Overcoming writer's block

Yes, it's been just as quiet on the email front this month, as several readers of this blog can testify. I was quite proud of keeping up my 600 words per day on the monster-in-progress (the novel) even in the face of provincial travel and painstaking massaging of the business registration process, on top of the usual daily round of keeping servers in line and taking up the slack of inadequate infrastructure. Then, a couple of weeks ago, the bank received a letter from the powers that be, to inform us that my work permit had expired. I was sent home for fear of government inspection. I laughed when it happened, but evidently some kind of quiet inner panic set in, and it's been very difficult to settle to any kind of complex task since.

Far and away the easiest thing for me to write, these days, is a task list. I get so much practice at it. So here is yesterday's.

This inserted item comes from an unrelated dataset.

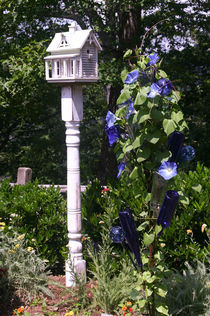 White birdhouse and  Blue Clematis by June Buttrick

Mozassist - original rent contract
(Mozassist is the local company which is handling my business registration. The rent contract is the ultimate source of many of my present problems. Mozambican law has not yet caught up with the new-fangled idea that a business may be just me, my laptop and an internet connection; I have to have a brick-and-mortar office. Nor will just one dedicated room in my three-bedroom flat meet the requirements; I'm not allowed to live there, if I'm also using it as an office. Six weeks ago, when I started the business registration process (which should have been plenty of time, for an individual company) I decided to use my present flat as the office - so that I could provide the rent contract quickly - and move in with my friend Minati while searching for a more permanent arrangement. I asked my dona da casa (landlady) for a new contract which showed the purpose of the flat as "residence or office" instead of just "residence", and she promptly started dithering as efficiently as she could. Weeks went by. I reassured her on the nature of the work, then on the tax arrangements, gritted my teeth on the requested rent hike, pulled in favours to obtain the dollars I had to hand over before she would sign the contract - then I had to travel to Tete for a week... but I finally got hold of it. Now the registration of Anseris Informática can finally crawl forward again.)

Office - hand in laptop
(Giving up my old work laptop. I've bought a new one, and took delivery of it on Wednesday. As an indication of how busy, or how scatty, I've been lately, I haven't had a chance to switch it on since I got it home.)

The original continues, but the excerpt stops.